[COLLECTED MATERIAL]
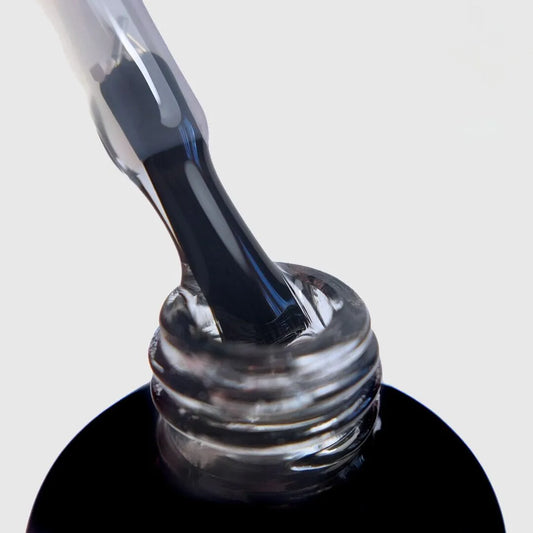 PALU Base RUBBER 11 11g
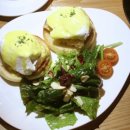 메르시엠 이미지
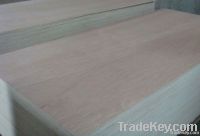 https://fr.tradekey.com/product_view/3mm-Plywood-3588470.html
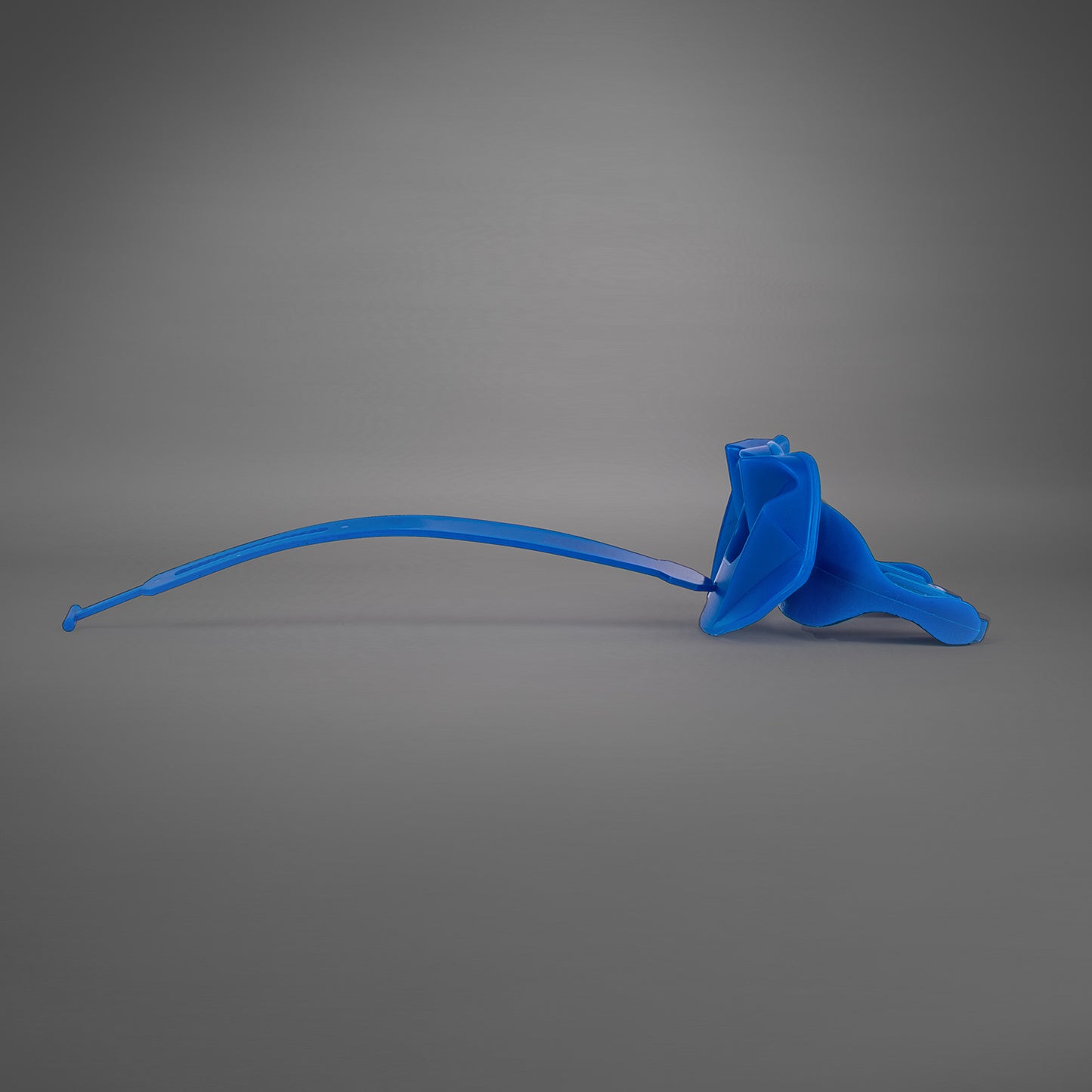 Venum Elite Protector Bucal OG Edition - Azul/Azul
[/COLLECTED MATERIAL]
**WORK TO BE COMPLETED**
Output the listing exactly. Leave out any image.

**SOLUTION TO THIS PROBLEM**
 PALU Base RUBBER 11 11g
 메르시엠 이미지
 https://fr.tradekey.com/product_view/3mm-Plywood-3588470.html
 Venum Elite Protector Bucal OG Edition - Azul/Azul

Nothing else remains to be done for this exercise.